Exercise description: Within the records that follow, restate exactly the lines from the line with "Stardew Valley Multiplayer" down to the line with "Appartement sur toit - 67 m² - 4 pièces", including both. Omit the pictures.

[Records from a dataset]

★ ★ ★ ★ ★ ★ ★

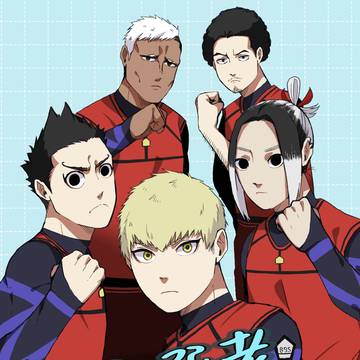 ブルーロックlog2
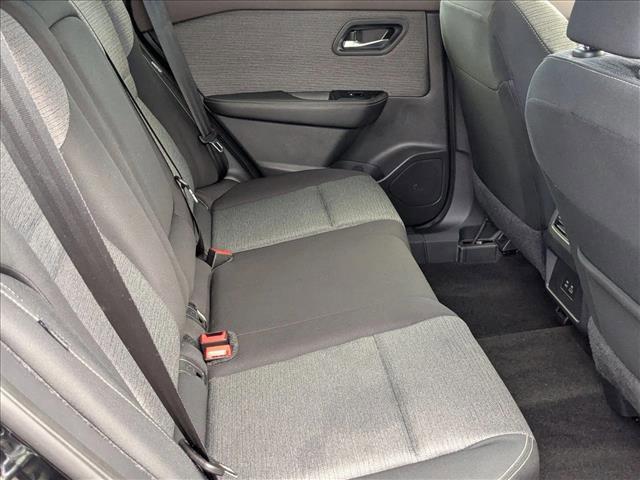 used 2023 Nissan Rogue car, priced at $19,240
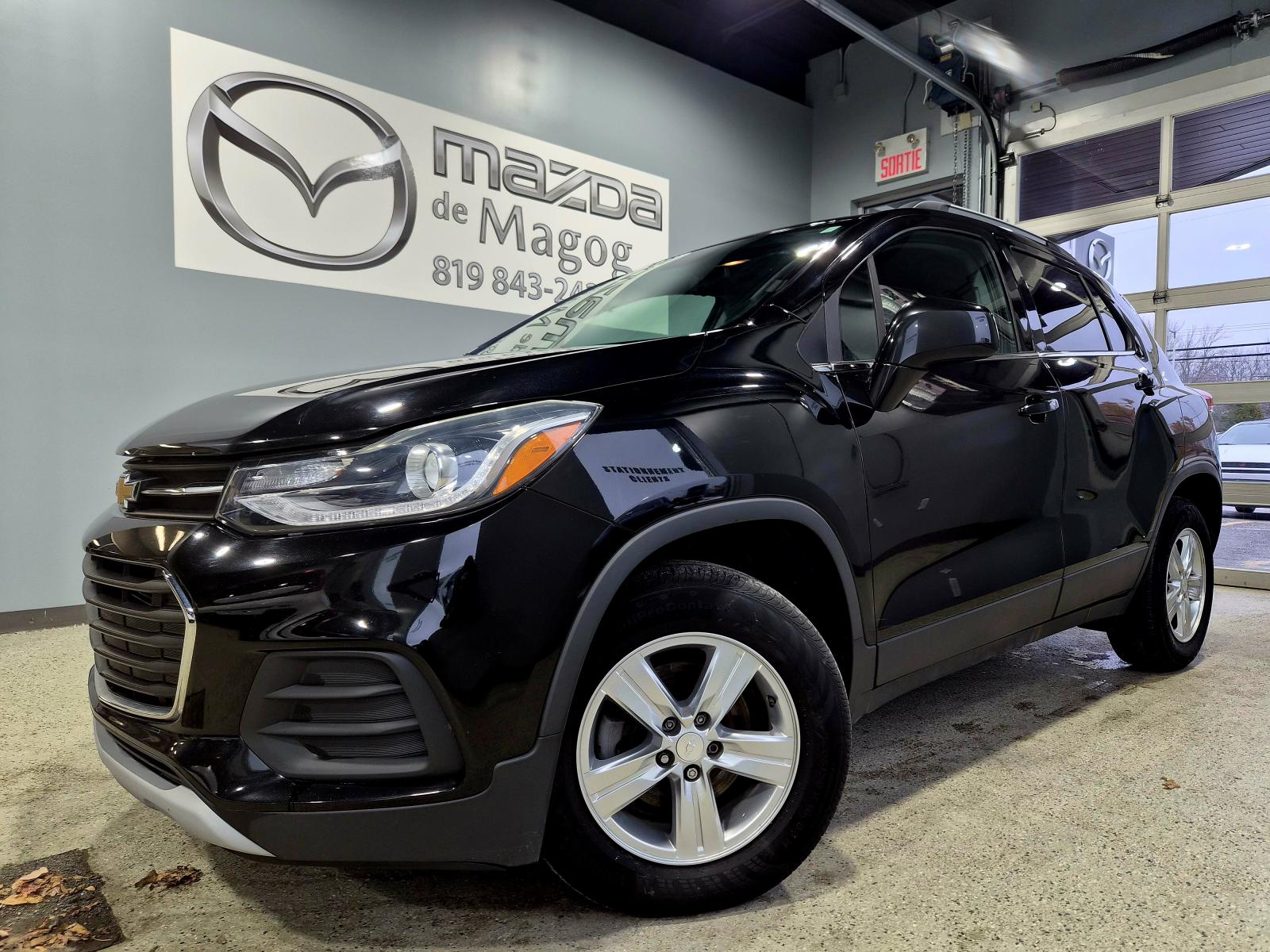 Image 1 Chevrolet Trax LT 2019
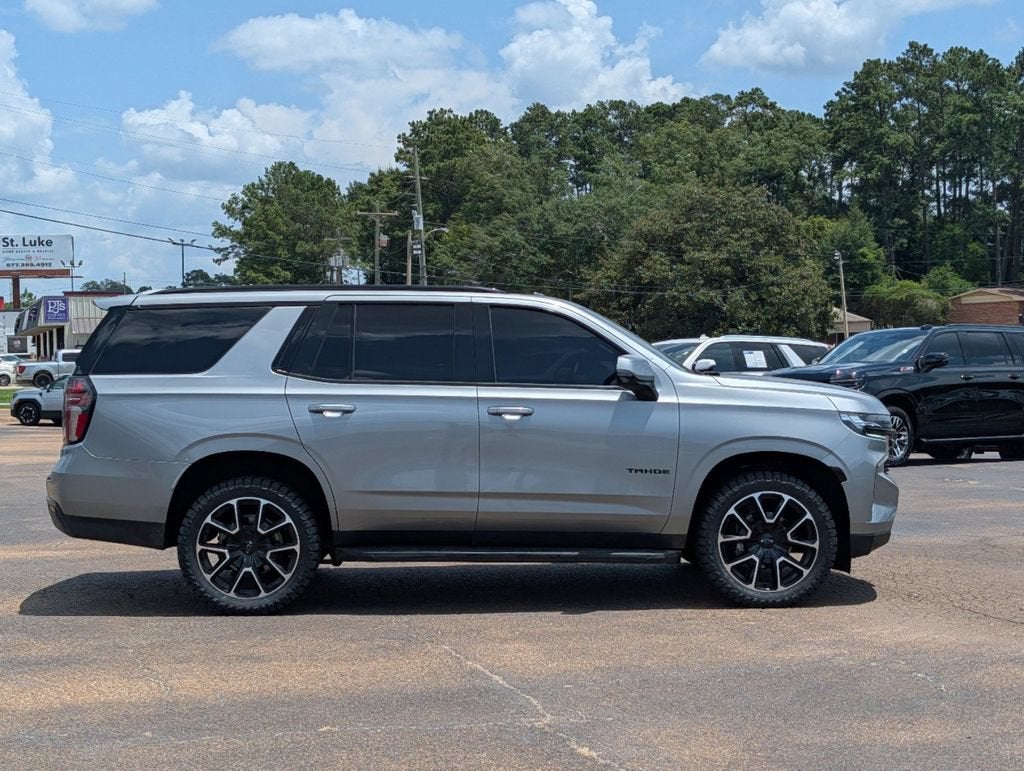 2023 Chevrolet Tahoe RST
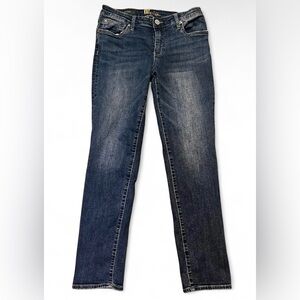 Dark Wash Denim boyfriend Jeans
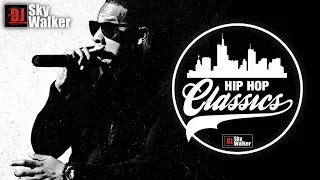 Old School Hip Hop R&B 2000s 90s Megamix Mixtape Mix Rap Music | DJ SkyWalker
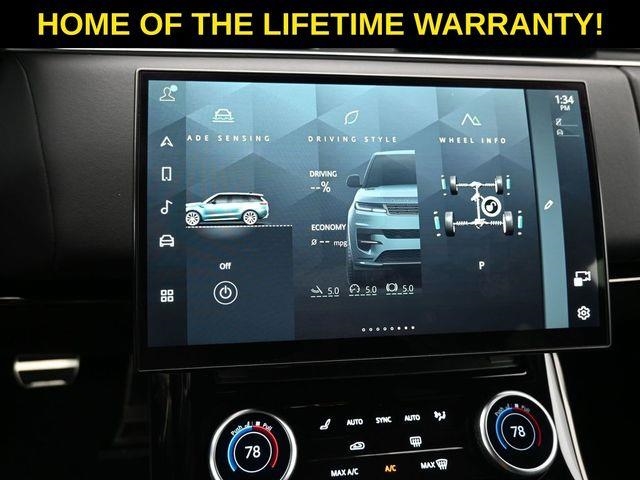 2023 Land Rover Range Rover Sport SE Dynamic AWD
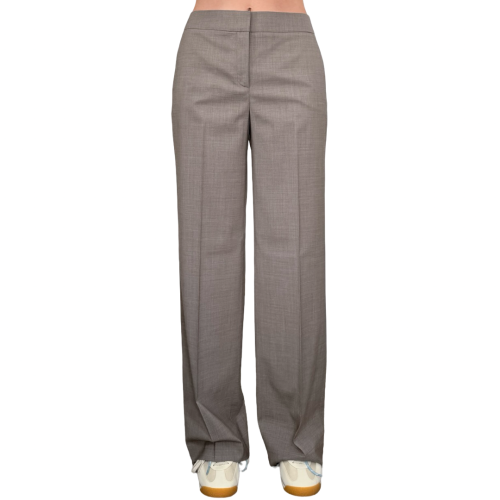 Via Masini 80 Pantaloni Donna Taupe M976ME476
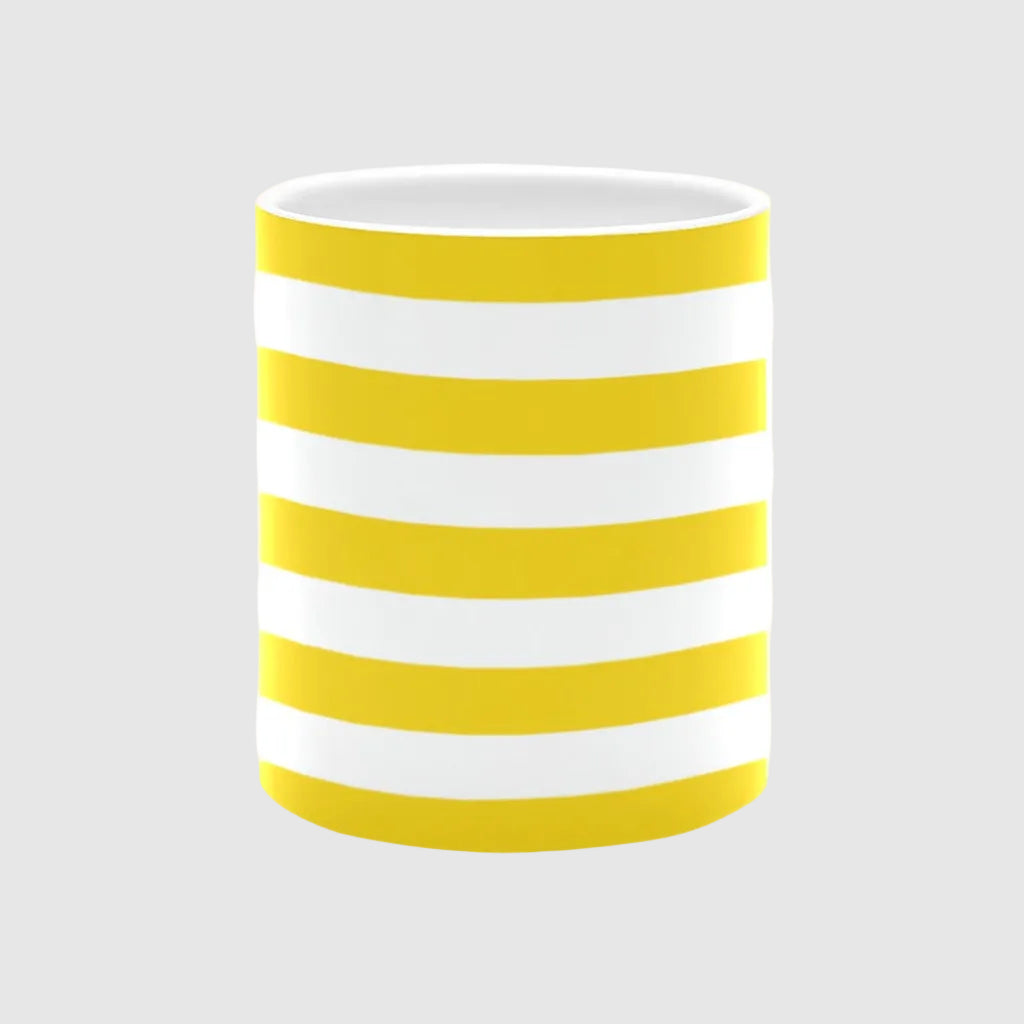 County Antrim Retro Stripes Mug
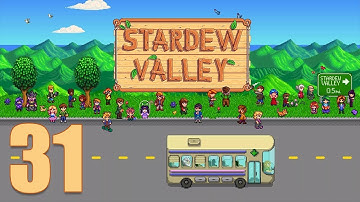 Stardew Valley Multiplayer with Coe/Justin/Necomi - E31
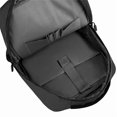 thumbnail image 5 of Waterproof Black Backpack Computer Bag, 5 of 5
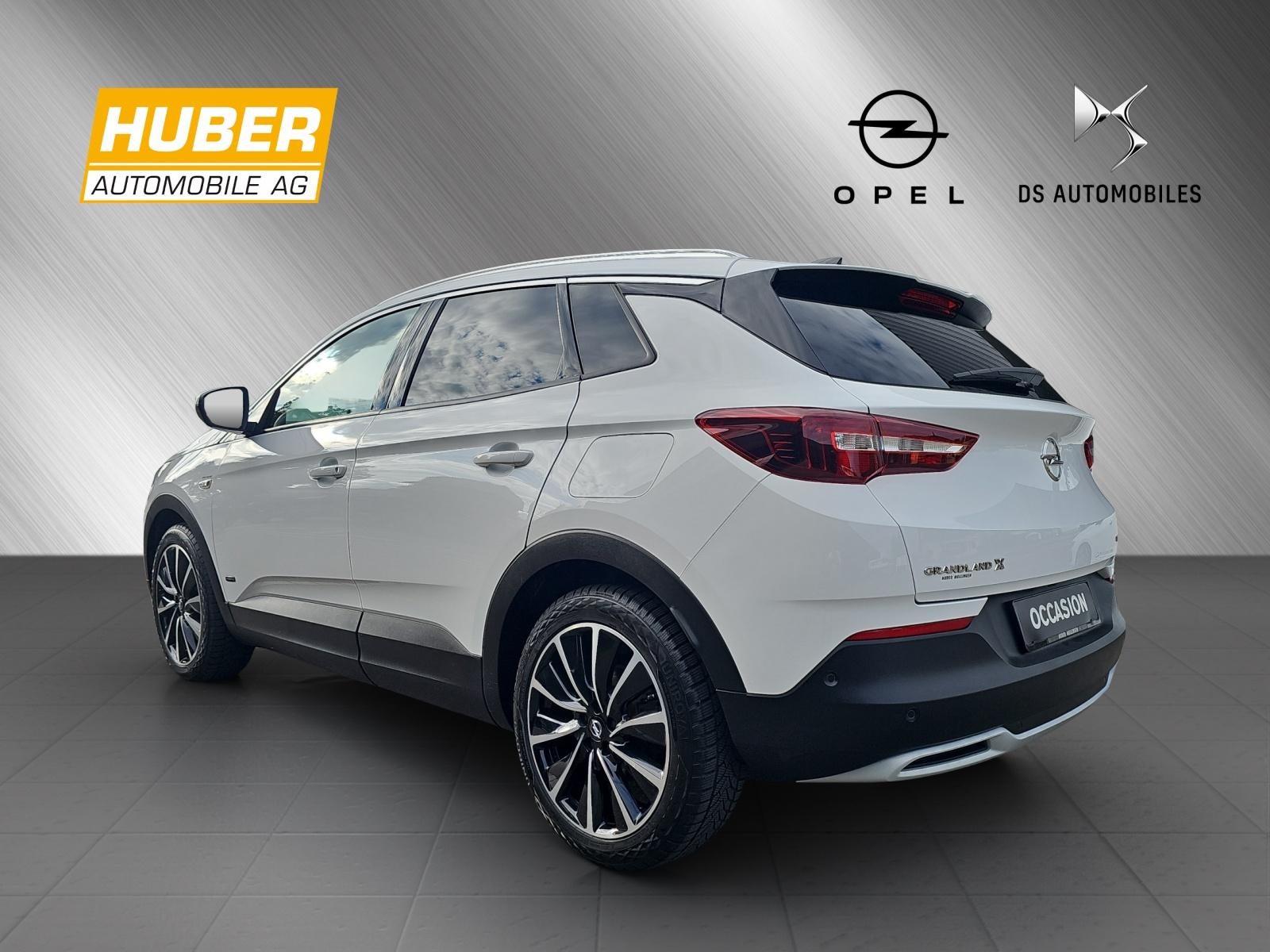 OPEL Grandland X 1.6 T PHEV Excellence, Hybride Rechargeable Essence/Électricité, Occasion / Utilisé, Automatique - 3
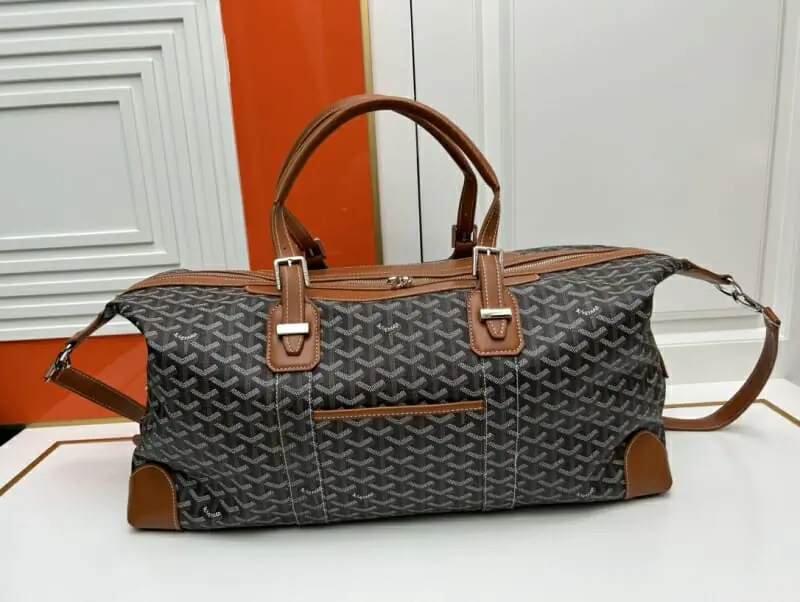 goyard sac de voyage s_115a31b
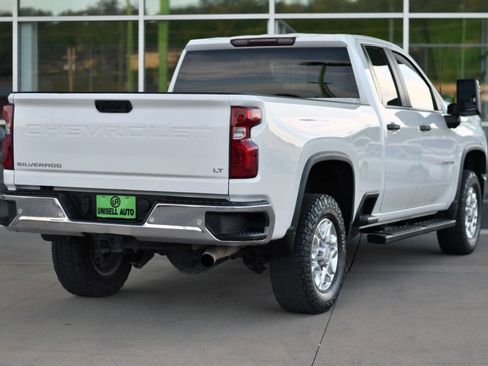 Used 2020 Chevrolet Silverado 2500 W/T w/ WT Safety Package image 9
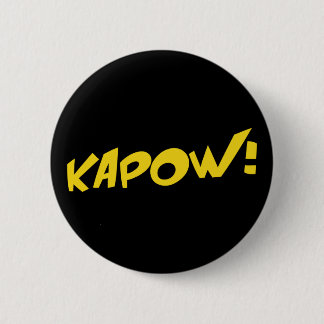 Comic Book Button
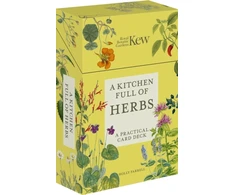 KNYGA Holly Farrell Kitchen Full of Herbs, A Practical Card Deck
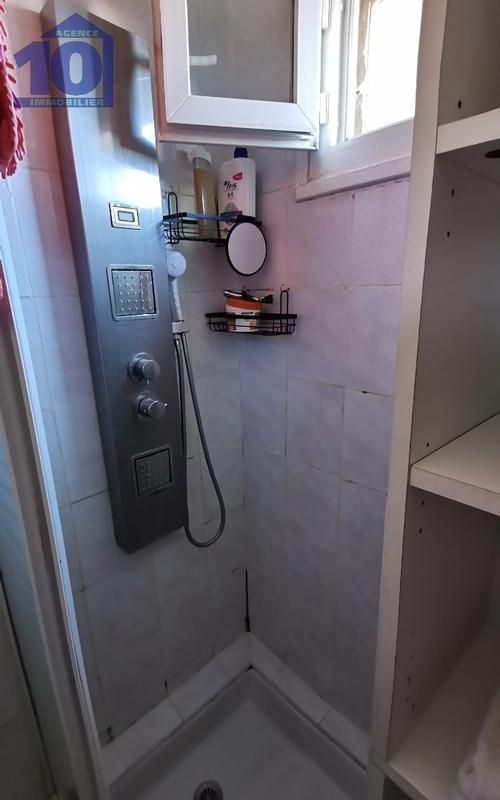 Appartement sur toit - 67 m² - 4 pièces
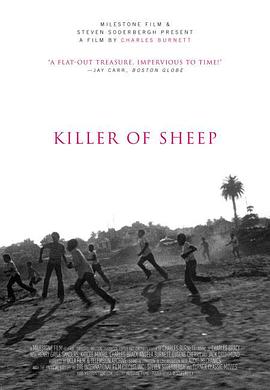 杀羊人 Killer of Sheep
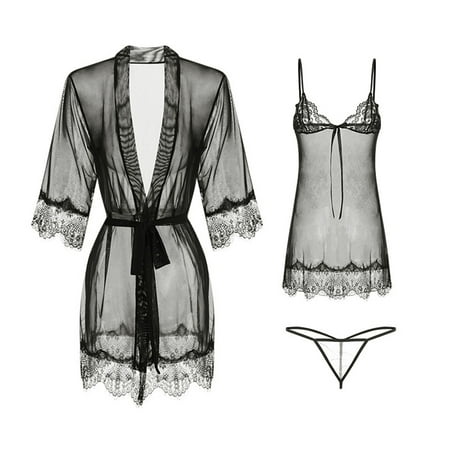 Soft Summer Pajamas For Women Lace Underwear Nightdress Lingerie 2 Piece Sleepwear Womens Nightgowns Set
Soft Summer Pajamas For Women Lace Underwear Nightdress Lingerie 2 Piece Sleepwear Womens Nightgowns Set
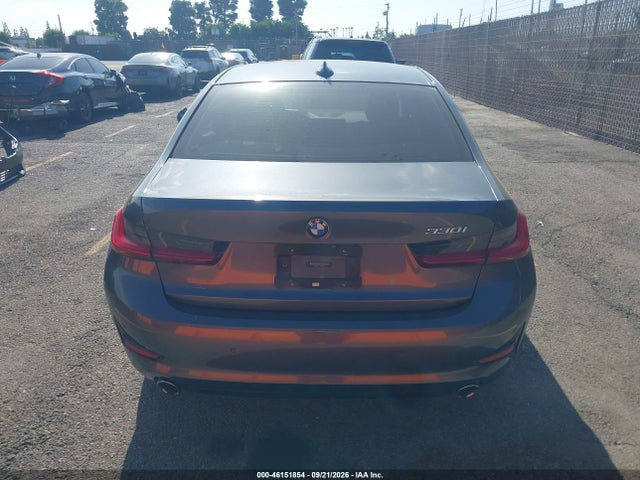 BMW 330I 2019 WBA5R1C51KAJ99305 Image 17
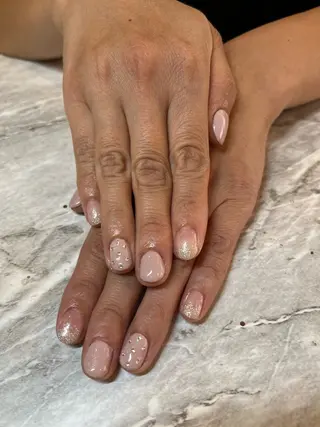 ネイル TRU NAIL＆EYE 上野店【トゥルーネイル＆アイ】所属・TRU ももかのネイルデザイン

★ ★ ★ ★ ★ ★ ★

Task answer:
 Stardew Valley Multiplayer with Coe/Justin/Necomi - E31
 thumbnail image 5 of Waterproof Black Backpack Computer Bag, 5 of 5
 OPEL Grandland X 1.6 T PHEV Excellence, Hybride Rechargeable Essence/Électricité, Occasion / Utilisé, Automatique - 3
 goyard sac de voyage s_115a31b
 Used 2020 Chevrolet Silverado 2500 W/T w/ WT Safety Package image 9
 Comic Book Button
 KNYGA Holly Farrell Kitchen Full of Herbs, A Practical Card Deck
 Appartement sur toit - 67 m² - 4 pièces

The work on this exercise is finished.